Provide API to get the last successful run of a Task #3080

nathanielc · 2020-08-05T22:40:39Z

A common uses case for a task is to process data on a schedule. Currently tasks are scheduled on regular intervals and so if a previous task run fails then there is a gap in what ever the task processes. As a user I want to easily write a task that can start where ever the previous successful task finished.

I would anticipate that the solution to this would be to add a function to a new package influxdata/tasks like:

lastRun : (taskID: string) => time

I would also anticipate that this function uses findRecord to check the _tasks bucket for the runs measurement to produce the result.

Questions:
Q: Should the time returned by this function be the start or finish time of the task?
A: I would expect it to be the start time, the duration of the task run should not effect what data the task processed so the start time is the more useful value
Q: Should the time returned account for the offset the task uses?
A: This one I am not sure, perhaps we should write out pseudo code for both methods for tasks that use offset and see if one presents itself as the easier more intuitive solution.
Q: Should we use an option for the name of the tasks bucket?
A: Probably, follow the pattern in the influxdata/monitor package.
Q: Since this code will likely require the use of tableFind/findRecord from a task do we need to block on or otherwise coordinate the issue to fix those functions in tasks influxdata/influxdb#18922 ?
A: We most likely do not need to block on the issue but we should coordinate that the issue is fixed before we advertise this behavior to users as it won't work until that is fixed.
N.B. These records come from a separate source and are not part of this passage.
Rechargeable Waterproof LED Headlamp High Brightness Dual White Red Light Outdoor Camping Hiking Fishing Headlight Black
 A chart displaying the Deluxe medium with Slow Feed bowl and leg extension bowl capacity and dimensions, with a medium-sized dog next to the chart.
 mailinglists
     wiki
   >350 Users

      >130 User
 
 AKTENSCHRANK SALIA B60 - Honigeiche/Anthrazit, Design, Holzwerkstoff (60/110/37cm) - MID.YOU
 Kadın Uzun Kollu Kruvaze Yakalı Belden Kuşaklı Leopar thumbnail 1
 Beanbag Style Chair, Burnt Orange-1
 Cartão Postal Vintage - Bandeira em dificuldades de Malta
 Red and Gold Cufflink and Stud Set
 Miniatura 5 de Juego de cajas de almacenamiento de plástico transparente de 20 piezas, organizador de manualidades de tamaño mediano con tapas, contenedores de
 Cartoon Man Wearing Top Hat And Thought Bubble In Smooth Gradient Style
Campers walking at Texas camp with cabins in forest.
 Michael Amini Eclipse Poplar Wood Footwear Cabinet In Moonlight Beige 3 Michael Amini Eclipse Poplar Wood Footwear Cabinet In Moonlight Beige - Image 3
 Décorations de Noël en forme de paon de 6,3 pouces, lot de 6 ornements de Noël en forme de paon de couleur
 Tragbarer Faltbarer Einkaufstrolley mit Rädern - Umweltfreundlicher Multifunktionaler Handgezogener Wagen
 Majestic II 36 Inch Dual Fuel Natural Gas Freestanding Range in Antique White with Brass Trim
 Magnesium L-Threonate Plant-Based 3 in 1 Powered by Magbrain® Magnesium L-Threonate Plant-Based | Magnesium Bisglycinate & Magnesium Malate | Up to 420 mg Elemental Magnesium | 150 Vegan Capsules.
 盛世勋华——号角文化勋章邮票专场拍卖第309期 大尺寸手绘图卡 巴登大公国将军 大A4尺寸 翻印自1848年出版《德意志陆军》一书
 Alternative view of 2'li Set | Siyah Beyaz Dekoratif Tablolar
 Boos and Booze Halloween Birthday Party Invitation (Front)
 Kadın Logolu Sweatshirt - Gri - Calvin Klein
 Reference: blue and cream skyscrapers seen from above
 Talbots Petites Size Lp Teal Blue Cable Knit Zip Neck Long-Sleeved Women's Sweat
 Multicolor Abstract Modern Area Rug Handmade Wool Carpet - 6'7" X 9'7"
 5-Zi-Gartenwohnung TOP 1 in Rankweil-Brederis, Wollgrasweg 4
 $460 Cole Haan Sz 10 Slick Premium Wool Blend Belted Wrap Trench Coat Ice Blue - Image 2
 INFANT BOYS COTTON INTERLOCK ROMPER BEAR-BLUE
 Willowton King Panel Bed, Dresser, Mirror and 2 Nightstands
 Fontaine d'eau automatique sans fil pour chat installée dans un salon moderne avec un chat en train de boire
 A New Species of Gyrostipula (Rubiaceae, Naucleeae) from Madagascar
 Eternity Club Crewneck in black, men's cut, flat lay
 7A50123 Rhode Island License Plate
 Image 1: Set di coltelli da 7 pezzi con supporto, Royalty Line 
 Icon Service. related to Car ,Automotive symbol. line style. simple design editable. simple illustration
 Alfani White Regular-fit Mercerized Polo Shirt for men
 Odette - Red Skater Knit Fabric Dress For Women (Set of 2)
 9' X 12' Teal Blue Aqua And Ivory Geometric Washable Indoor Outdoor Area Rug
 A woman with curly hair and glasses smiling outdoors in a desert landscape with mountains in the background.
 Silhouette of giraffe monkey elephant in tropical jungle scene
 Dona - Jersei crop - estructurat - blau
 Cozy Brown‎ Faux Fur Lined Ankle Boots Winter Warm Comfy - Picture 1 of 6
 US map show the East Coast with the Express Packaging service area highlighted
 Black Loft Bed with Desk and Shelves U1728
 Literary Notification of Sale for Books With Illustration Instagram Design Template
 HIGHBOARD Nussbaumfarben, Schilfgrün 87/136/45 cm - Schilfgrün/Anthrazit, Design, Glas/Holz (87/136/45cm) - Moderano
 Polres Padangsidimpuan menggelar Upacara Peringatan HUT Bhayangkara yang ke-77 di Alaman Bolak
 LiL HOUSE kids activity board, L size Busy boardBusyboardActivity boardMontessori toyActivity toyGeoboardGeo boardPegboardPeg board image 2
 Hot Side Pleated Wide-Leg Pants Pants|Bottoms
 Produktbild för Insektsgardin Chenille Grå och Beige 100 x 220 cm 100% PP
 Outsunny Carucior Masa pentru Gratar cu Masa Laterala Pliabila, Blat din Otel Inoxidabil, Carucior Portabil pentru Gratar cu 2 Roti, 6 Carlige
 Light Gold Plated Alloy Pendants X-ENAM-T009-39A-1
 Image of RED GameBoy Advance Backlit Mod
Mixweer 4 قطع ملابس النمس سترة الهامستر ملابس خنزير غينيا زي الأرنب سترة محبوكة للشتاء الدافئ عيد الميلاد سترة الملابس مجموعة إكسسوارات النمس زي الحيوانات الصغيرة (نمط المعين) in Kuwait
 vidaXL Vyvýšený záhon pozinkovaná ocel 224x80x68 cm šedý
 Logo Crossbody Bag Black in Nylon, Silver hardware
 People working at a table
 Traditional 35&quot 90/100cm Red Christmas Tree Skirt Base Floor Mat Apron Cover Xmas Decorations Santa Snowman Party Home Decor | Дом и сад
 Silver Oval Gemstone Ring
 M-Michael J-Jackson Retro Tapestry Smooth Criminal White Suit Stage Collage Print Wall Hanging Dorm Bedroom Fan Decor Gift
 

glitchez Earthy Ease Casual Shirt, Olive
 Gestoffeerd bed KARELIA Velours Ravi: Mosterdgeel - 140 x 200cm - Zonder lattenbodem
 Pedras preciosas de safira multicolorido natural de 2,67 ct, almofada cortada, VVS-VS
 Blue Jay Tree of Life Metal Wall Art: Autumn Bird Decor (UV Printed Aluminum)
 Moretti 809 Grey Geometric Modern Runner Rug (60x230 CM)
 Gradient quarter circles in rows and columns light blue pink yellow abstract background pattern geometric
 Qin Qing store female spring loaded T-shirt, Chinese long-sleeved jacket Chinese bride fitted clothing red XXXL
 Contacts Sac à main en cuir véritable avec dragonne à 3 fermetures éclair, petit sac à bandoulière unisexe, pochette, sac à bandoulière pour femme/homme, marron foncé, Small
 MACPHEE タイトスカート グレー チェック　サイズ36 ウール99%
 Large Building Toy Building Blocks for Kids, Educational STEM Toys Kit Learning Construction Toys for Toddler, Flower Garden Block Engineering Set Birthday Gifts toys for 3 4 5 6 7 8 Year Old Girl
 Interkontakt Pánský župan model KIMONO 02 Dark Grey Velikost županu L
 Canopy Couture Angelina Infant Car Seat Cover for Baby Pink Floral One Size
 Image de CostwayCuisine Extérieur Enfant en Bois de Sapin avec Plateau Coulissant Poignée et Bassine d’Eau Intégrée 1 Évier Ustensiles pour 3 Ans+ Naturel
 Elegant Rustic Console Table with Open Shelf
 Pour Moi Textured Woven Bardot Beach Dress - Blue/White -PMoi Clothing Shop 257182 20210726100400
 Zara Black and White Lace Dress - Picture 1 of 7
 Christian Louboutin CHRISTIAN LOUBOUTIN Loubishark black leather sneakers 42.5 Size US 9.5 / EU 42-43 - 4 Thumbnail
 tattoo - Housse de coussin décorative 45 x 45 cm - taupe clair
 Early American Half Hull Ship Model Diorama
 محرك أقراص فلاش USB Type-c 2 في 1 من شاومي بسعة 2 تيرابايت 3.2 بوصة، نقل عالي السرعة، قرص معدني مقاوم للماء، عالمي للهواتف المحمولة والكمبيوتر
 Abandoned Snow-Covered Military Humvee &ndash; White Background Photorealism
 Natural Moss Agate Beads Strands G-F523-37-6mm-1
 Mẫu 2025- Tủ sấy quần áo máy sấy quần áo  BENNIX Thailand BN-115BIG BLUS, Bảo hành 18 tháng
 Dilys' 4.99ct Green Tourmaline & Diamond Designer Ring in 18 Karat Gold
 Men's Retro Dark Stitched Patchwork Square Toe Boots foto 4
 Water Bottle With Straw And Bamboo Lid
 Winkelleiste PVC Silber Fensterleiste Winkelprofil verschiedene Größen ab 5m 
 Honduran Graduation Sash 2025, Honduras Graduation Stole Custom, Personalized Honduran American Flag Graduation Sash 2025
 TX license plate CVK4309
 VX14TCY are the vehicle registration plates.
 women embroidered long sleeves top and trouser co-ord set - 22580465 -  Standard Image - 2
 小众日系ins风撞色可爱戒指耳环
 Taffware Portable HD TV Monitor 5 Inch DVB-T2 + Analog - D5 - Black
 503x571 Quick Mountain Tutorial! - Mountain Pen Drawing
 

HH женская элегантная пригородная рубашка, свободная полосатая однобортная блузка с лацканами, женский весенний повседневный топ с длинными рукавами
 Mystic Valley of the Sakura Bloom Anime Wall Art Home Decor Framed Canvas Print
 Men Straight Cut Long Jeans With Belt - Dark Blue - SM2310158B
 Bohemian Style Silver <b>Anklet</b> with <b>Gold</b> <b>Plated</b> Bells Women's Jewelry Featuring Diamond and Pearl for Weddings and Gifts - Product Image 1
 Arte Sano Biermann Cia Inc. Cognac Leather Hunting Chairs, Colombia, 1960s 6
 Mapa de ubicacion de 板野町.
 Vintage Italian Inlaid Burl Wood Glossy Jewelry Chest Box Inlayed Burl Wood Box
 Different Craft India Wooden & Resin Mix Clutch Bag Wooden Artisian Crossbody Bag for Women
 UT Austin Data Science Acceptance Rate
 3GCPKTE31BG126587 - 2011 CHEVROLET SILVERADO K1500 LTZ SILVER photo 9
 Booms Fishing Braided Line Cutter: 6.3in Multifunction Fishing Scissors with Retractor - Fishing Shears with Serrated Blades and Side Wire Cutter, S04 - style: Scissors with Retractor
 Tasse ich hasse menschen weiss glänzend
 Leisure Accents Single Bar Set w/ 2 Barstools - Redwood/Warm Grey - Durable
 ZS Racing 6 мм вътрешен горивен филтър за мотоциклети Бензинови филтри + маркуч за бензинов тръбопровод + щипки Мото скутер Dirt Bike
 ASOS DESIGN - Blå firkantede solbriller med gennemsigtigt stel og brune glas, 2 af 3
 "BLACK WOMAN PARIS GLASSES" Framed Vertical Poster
We should ensure that once that other fix lands that a task integration test exists that ensures this behavior works, but that is part of another issue.

DOD

Flux API exists that makes it easy to get the time of the last successful task run.
Tests exist that show the API works.

The text was updated successfully, but these errors were encountered:

nathanielc · 2020-08-10T15:24:15Z

Sync up with compute team first to check if they can provide the last successful run time as an option into the task run since they have that information inside the scheduler that submits the task to run.

I am hesitant to put dynamic information in the task option, because its currently a record of truth for metadata about the task, but perhaps a new option is appropriate.

What do we do if its the first time a task runs?

barbaranelson · 2020-08-10T16:30:27Z

This would also be very useful for a Telegraf use case, where we are running a telegraf input plugin as flux.from function. We are polling a cloud-based data source to pull in metrics, and when the task runs, we need some way to determine where our next poll interval should start from.

Ideally, we would be able to pass state from one task to the next (e.g. the previous run picked up records 1234 thru 2345, so the next run should start with record 2346. If that can't be easily added, we can live with getting the time, and we'll derive the offsets from that.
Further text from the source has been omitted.